Practically, I wrote :
cudaStream_t sHigh, sLow;
cudaStreamCreateWithPriority(&sHigh, cudaStreamNonBlocking, priority_high);
cudaStreamCreateWithPriority(&sLow, cudaStreamNonBlocking, priority_low);
cudaEvent_t event_1;
cudaEventCreate(&event_1);
if (frame has arrived)
{
cudaMemcpyAsync(..., sHigh); // HtoD, to upload images in the GPU
blur_Image <<<... , sHigh>>> (...)
if (cudaEventQuery(event_1)==cudaSuccess)) hard_work(sLow);
else printf("Event 2 not ready\n");
}
void hard_work( cudaStream_t sLow_)
{
kernelCalcul_W2<<<... , sLow_>>> (...);
cudaMemcpyAsync(... the result..., sLow_); //DtoH
cudaEventRecord(event_1, sLow_);
}
I tried to use only one stream. It's the same code as above, but change 1 parameter while launching hard_work.
host gets a frame
Stream: cudaMemcpyAsync copies the frame on the Device. Then, the kernel does the basic bluring calculations. Then, if the CudaEvent Event_1 is ok, I lauch the hard-work, and I add an Event_1 to get the status on next round.

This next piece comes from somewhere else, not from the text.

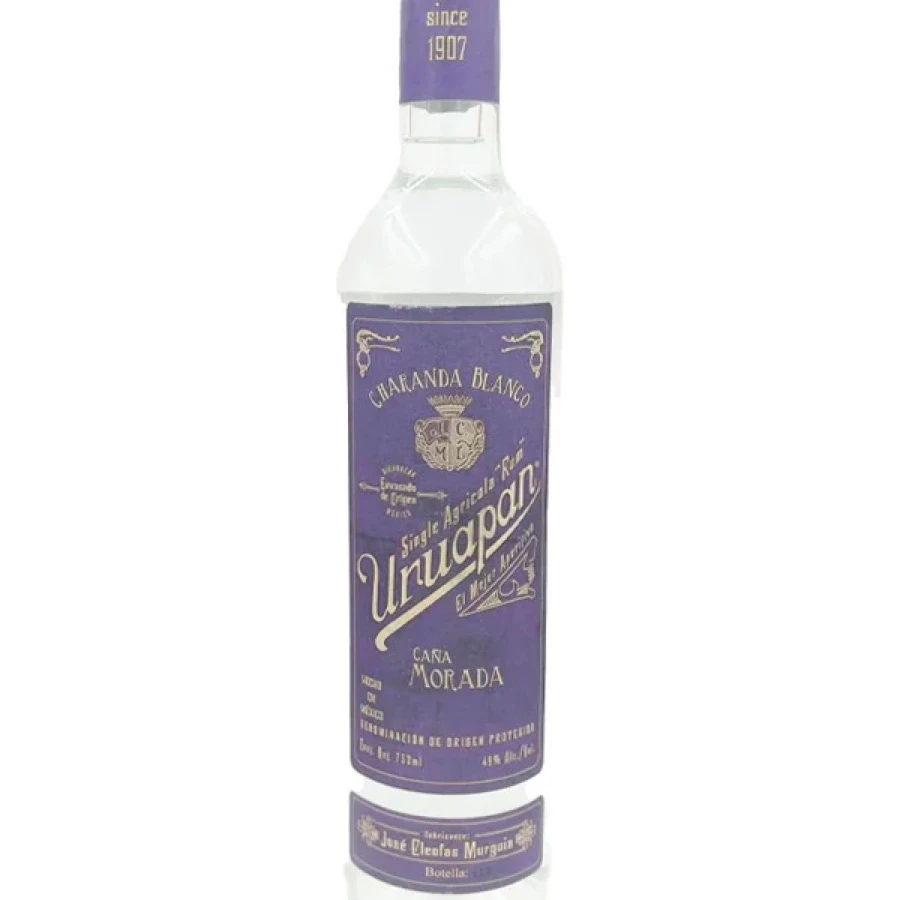 Uruapan Charanda Blanco Cana Morada Single Agricola Rum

Practically, the stream is ALWAYS available: I never fall in the "else" part.
This way, while the hard-work is running, I expected to "buffer" all the frames to copy, and not to lose any. But I do lose some: it turns out that each time I get a frame and I copy it, Event_1 seems ok so I launch the hard-work, and only get the the next frame very late.

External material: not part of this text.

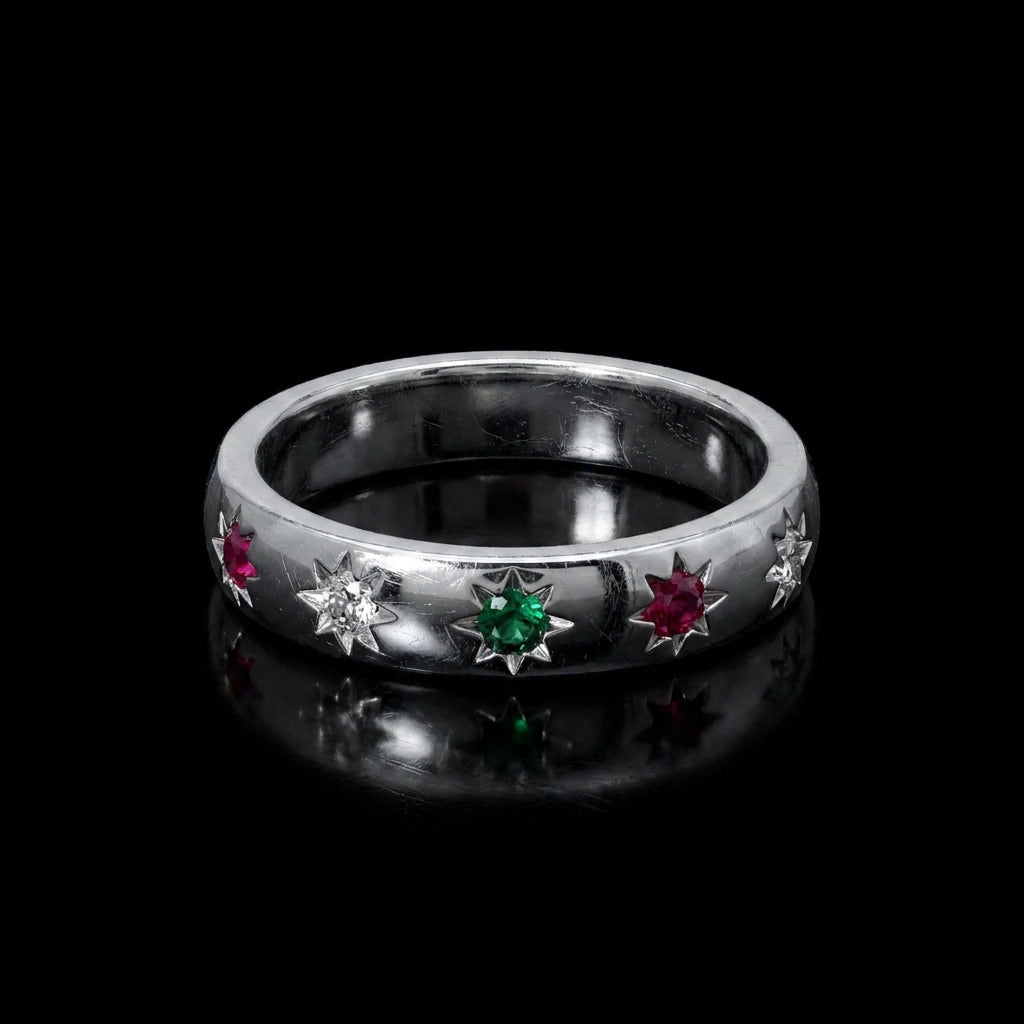 Silver Clover Heart - Ring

I tried to put the two streams in two different threads (in C). Not better (even worse).
So the question is: how to ensure that the first stream captures ALL frames?
I really have the feeling that the different streams block the CPU.

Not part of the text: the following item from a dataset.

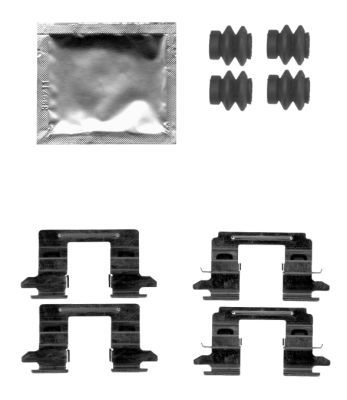 TEXTAR 82514600 Accessory kit, disc brake pad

I display the images with OpenGL. Would it interfere?
Any idea of ways to improve this?
Thanks a lot!
EDIT:
As requested, I put here a MCVE.
There is a parameter you can tune (#define ADJUST) to see what's happening. Basically, the main procedure sends CUDA requests in Async mode, but it seems to block the main thread. As you will see in the image, I have "memory access" (i.e. images captured ) every 30 ms except when the hard-work is running (then, I just don't get images).
Last detail: I'm using CUDA 7.5 to run this. I tried to install 8.0 but apparently the compiler is still 7.5
#define _USE_MATH_DEFINES 1
#define _CRT_SECURE_NO_WARNINGS 1
#include <stdio.h>
#include <stdlib.h>
#include <time.h>
#include <Windows.h>
#define ADJUST 400
// adjusting this paramter may make the problem occur.
// Too high => probably watchdog will stop the kernel
// too low => probably the kernel will run smothly
unsigned short * images_as_Unsigned_in_Host;
unsigned short * Images_as_Unsigned_in_Device;
unsigned short * camera;
float * images_as_Output_in_Host;
float * Images_as_Float_in_Device;
float * imageOutput_in_Device;
unsigned short imageWidth, imageHeight, totNbOfImages, imageSlot;
unsigned long imagePixelSize;
unsigned short lastImageFromCamera;
cudaStream_t s1, s2;
cudaEvent_t event_2;
clock_t timeRef;
// Basically, in the middle of the image, I average the values. I removed the logic behind to make it simpler.
// This kernel runs fast, and that's the point.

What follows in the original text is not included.